Ilona Sie Dhian Ho is professor of Violin at the Royal Conservatoire and chamber music player. She is a jury member of several violin competitions and since 2018 member of the artistic board of Dutch Violin Competitions. In 2013 she started an outreach project, Music Around the Corner, in which she developed ways to perform classical music in the Morgenstond district, The Hague. With students she formed a ‘district orchestra’, Orkest Morgenstond, which works together with local partners to create tailored performances. She has recently extended these practice-based studies to a scientific research project by starting the Classic Expression Research group, in which musicians and scientists collaborate. By designing controlled experiments in the Classic Express, a mobile concert truck, she will analyze the impact of presentation techniques that were developed in Morgenstond. The aim is to provide insights in how to reach specific groups within the population, as well as to reflect on the artistic consequences of such presentation techniques. The first study on story telling in musical performances for children will take place in 2021.

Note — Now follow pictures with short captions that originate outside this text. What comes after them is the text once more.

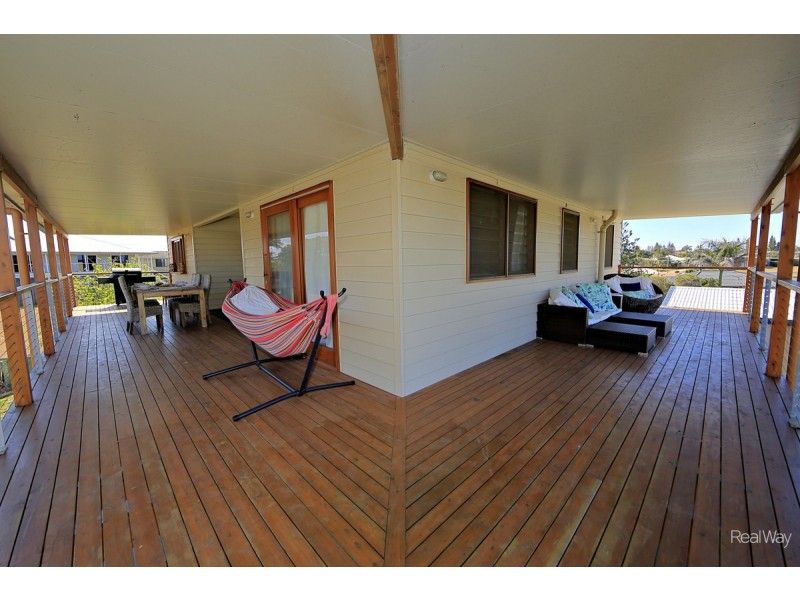 19 Bluewater Drive, Elliott Heads QLD 4670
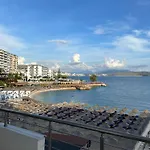 דירה Sun Beachfront
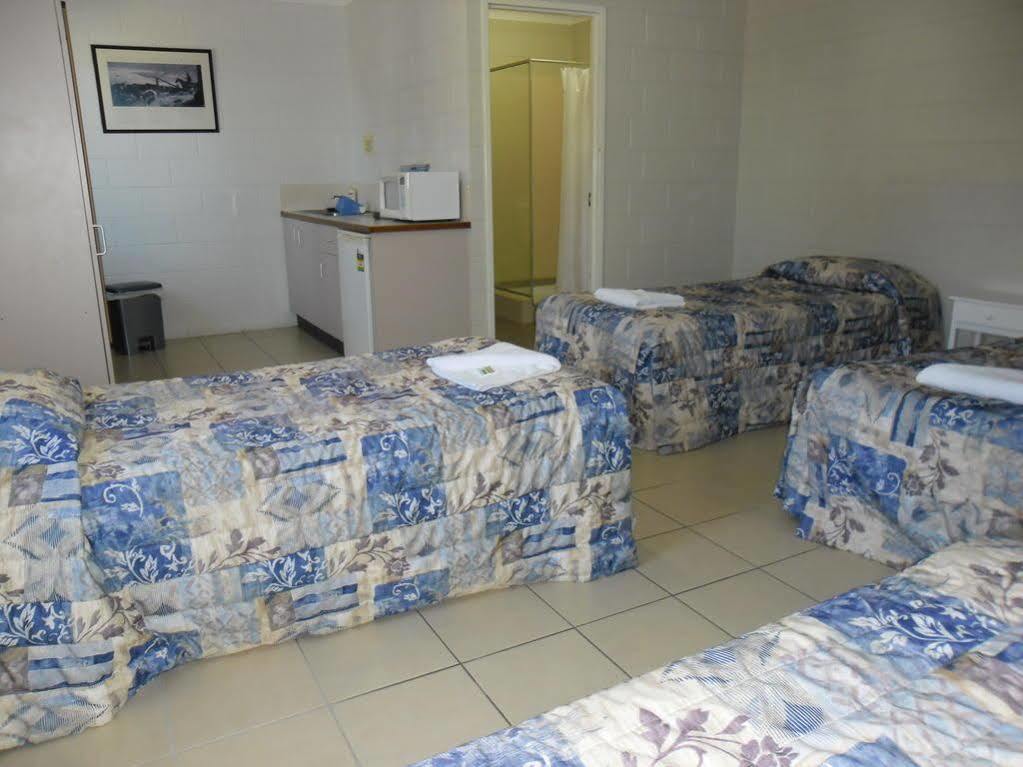 Banjo Paterson Motor Inn Townsville Exterior photo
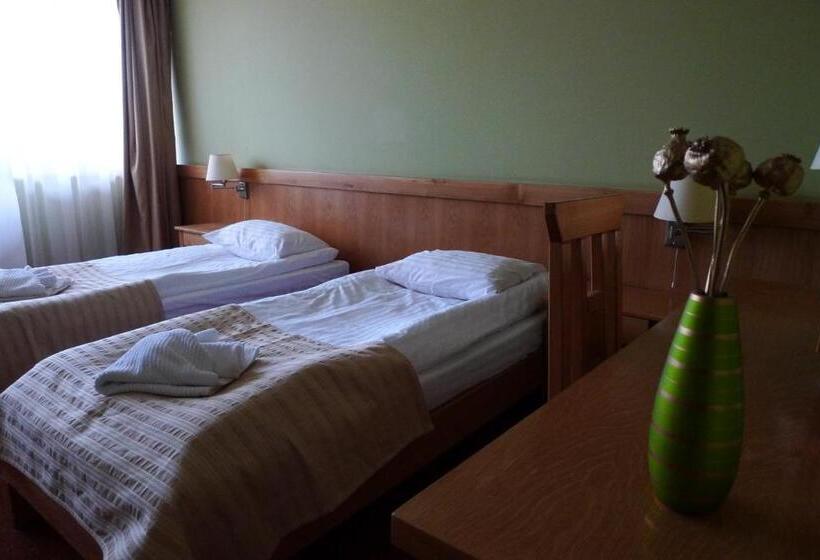 Номер Стандарт, Restaurant Gonduzo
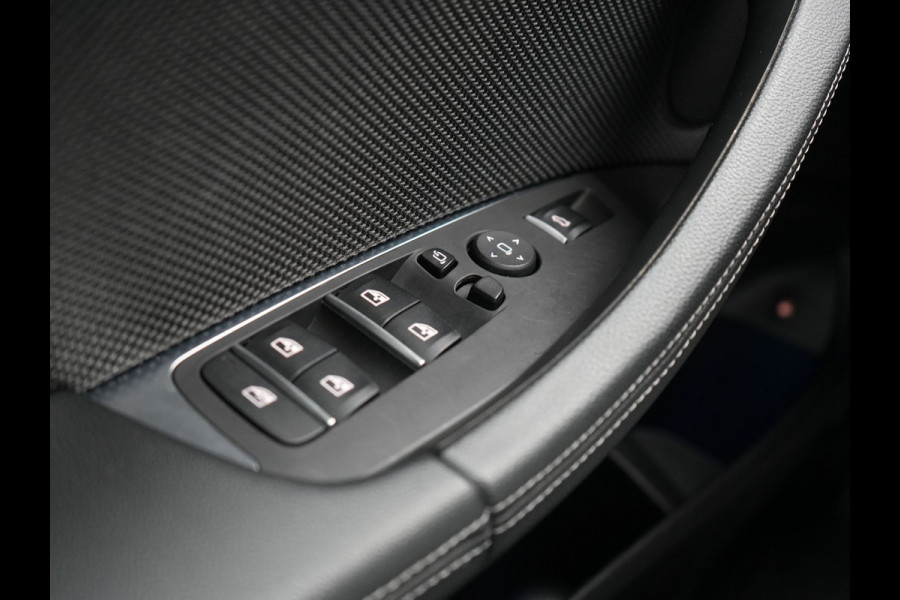 BMW X3 xDrive30e Sportline PHEV 293pk Dealer O.H | Trekhaak Af Fabriek | Panodak | Head Up | Sportstoelen Verwarmd | Sfeerverlichting | Keyless | Apple Carplay | LED Koplampen | Blis | Navigatie | DAB | Cruise Control | Plug In Hybrid |
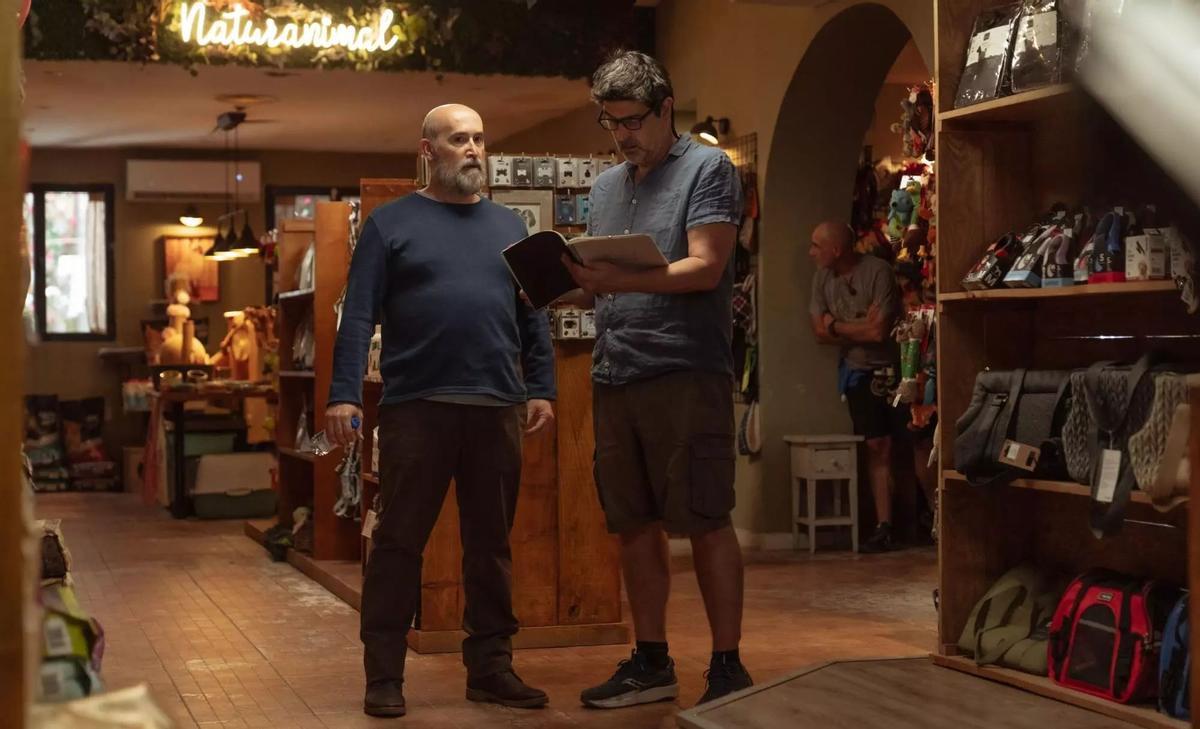 El director Cesc Gay da instrucciones a Javier Cámara, durante el rodaje de '53 domingos'.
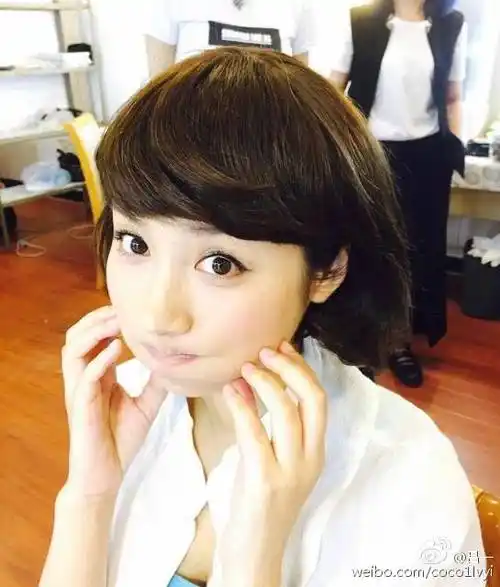 吕一.重庆美女.嘴巴很有特色.有人说她是标准旺夫相. cr吕一微博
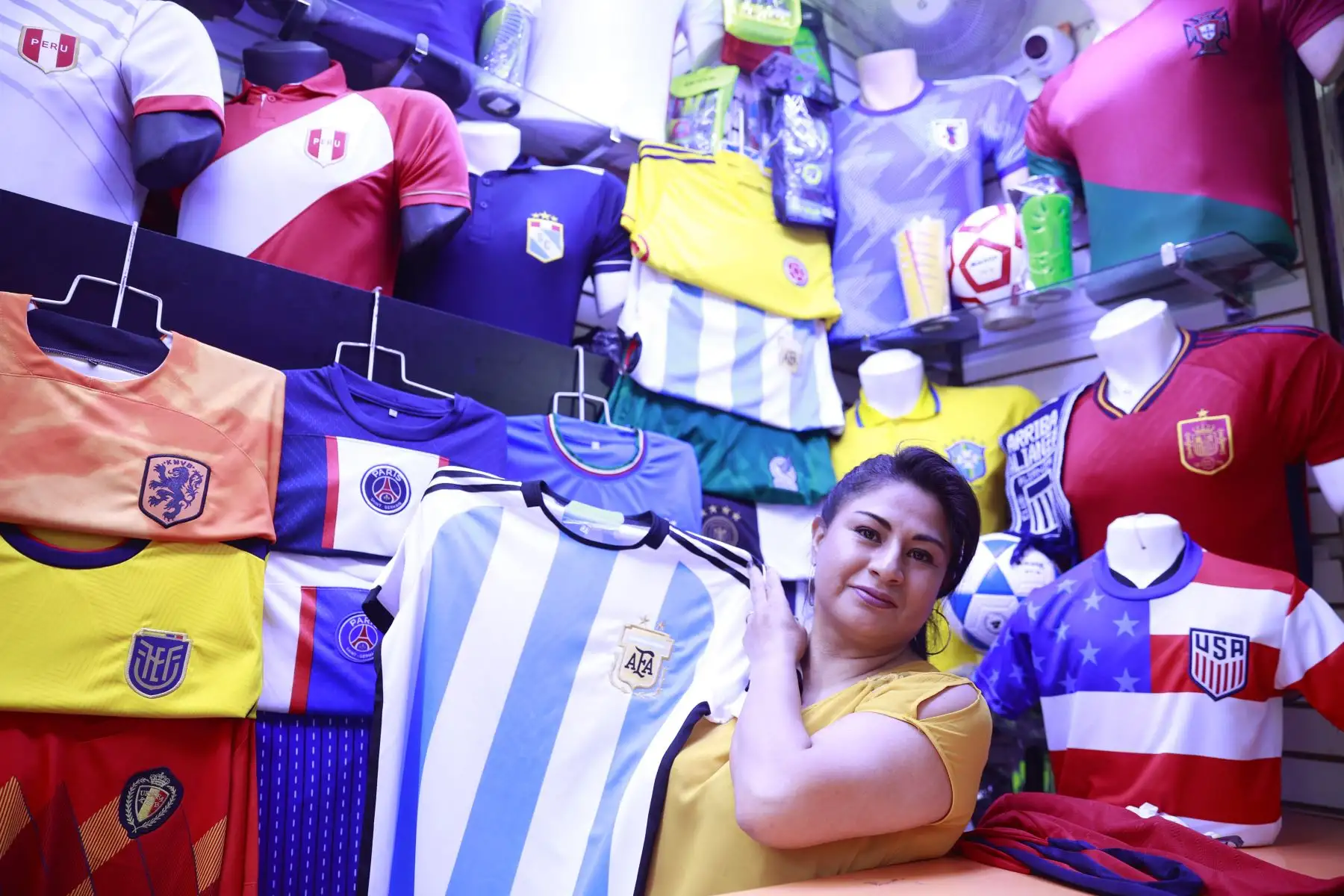 Venta de camisetas de las selecciones de los países que se disputarán la copa en el Mundial de Qatar. Foto: ANDINA/Melina Mejía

Felix Schlarmann teaches jazz drums at the Royal Conservatoire. The originally German drummer studied in Amsterdam and New York and is active as a performer at home and abroad in many bands and ensembles. His musical interests range from playing in big bands to artistic improvisation projects. Besides a busy concert schedule and teaching at the Conservatory, he is director and artistic director of Jazzfest Amsterdam, curates a monthly jazz series and is part of Splendor, a collective of musicians, composers and artists. His research focuses on the collective as a multifunctional process, format and artistic tool. Can the collective idea as it works in a musical context be translated into an entrepreneurial situation? And what conditions are necessary if this idea is to be taught within a conservatoire training?